Hi there, I'm trying to use MetadataExtractor on an input that is being streamed over the network. I've implemented a System.IO.Stream subclass that reads data from the network and buffers data that has already been read to allow seeking to work.

Unfortunately, MetadataExtractor seems to read in the entire file before processing any of the metadata. It looks like it might be this line that is the culprit:

https://github.com/drewnoakes/metadata-extractor-dotnet/blob/master/MetadataExtractor/Formats/Tiff/TiffReader.cs#L67

I note that there is already a comment there about this exact issue with a TODO on it. Is there some way to fix this without breaking anything? Alternatively, how about adding an option to allow for stream-based processing and just skip that check when it's set?

drewnoakes commented 6 years ago

Hey James,

Thanks for the report and the research. You're right, reading the length is a problem. I think this is the cause of #111 too.

The line you highlight is only there to workaround rare and invalid images. It seems wrong to pay this cost for valid images.

However there are several usages of Length in TiffReader. All of these are used for validation, and they are hit quite often.

Running the code across the sample image library, we see the following tally for times that reading the Length prevented code going wrong.

Line	Hit Count	Purpose
67	0	First IFD offset OOB (attempt fix)
112	2	IFD offset OOB (halt)
132	12	IFD entries would go OOB (halt)
184	230	IFD entry pointer OOB (skip entry)
197	0	IFD entry truncated (skip)
205	0	IFD entry pointer OOB (skip entry) ¹
239	39	4 bytes after IFD point OOB (halt)

¹ This is actually a duplicate of L184, which is why it's never hit. I'll look at tidying that up a bit.

The cost of ignoring these valdiation checks could be OOBE, OOME, or just garbage being produced in the output. It's the inability to filter garbage that makes disabling validation a problem to my mind.

These numbers are just for TIFF too (Exif, TIFF, raw files, ...) and there are other usages of Stream.Length for other file types too.

Unless I'm missing a creative solution, it just isn't possible to reliably process TIFF data in a streaming format. It would be possible to architect TIFF data so that it were possible, however in practice the TIFF standard makes no such guarantees around layout.

In your case, can you work around the issue by providing the Length somehow? For example, if you're using HTTP then maybe you have a Content-Length header.

As an aside: the library's IndexedCapturingReader class sounds similar to your custom Stream. If there's some difference there, I'd be interested to hear about it. However that class will also have the problem you describe.

j4m3z0r commented 6 years ago

Hey Drew, thanks for the thoughtful and prompt reply!

If the Length calls ultimately resulted in querying the Stream object's Length property, this might be a non-issue -- I could either use Content-Length, or just return an impossibly large number to ensure those checks pass. However, my existing implementation of Length throws a NotImplementedException, and I'm not seeing that get thrown -- perhaps MetadataExtractor is swallowing that exception somewhere and falling back to seeking to the end of the stream to determine its length?

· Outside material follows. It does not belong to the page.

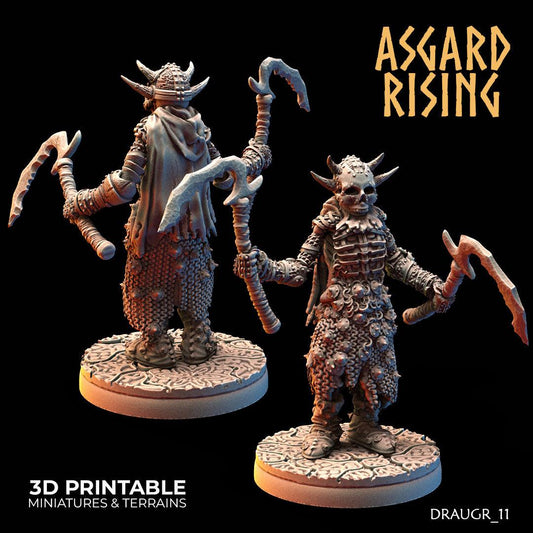 3D Printed Asgard Rising Draugr Barrow Guards Modular Set A 28 32 mm Wargaming DnD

Regarding processing TIFF data in streaming mode, I agree that it's not possible in the general case -- TIFF's IFD offsets can point to anywhere. However, I submit that it's possible to do on most TIFF files you see in practice (annoyingly not all, but I'll return to that). I've implemented a streaming preview extractor with a minimal TIFF IFD parser that works like so:

Wrap the HttpContent instance in an object that stores bytes already read into an internal buffer, and use that buffer for cases where the caller requests data "in the past".
If the next byte that is requested is close to the end of the buffer (I've used 1MB as my threshold), read that much data from the HttpContent object, populating the internal buffer as we go, and then copy the requested data from the internal buffer.
If the next requested byte is beyond that threshold, perform a HTTP Range request to get that data. The cases where this is necessary always seem to be at the end of the file, and I'm yet to find a case where it's necessary to read more than 16KB to be able to parse the TIFF metadata -- this seems to be enough to get it to work for the annoying not-perfectly-streamable TIFF (well, raw) files. I also have a tail buffer system so that multiple requests to the end of the file don't result in multiple HTTP range requests.

In practice, most camera makers seem to opt to put the metadata at the start of the file so that you can do things like display thumbnails without having to load the entire raw file.

However, that's a layer of complexity that I don't think MetadataExtractor needs to worry about. The Stream interface defines seeking, reading and length operations, which can all be implemented on top of such a buffering construct. It seems like the root issue might just be that Length on IndexedCapturingReader does not forward to the Stream instance it wraps.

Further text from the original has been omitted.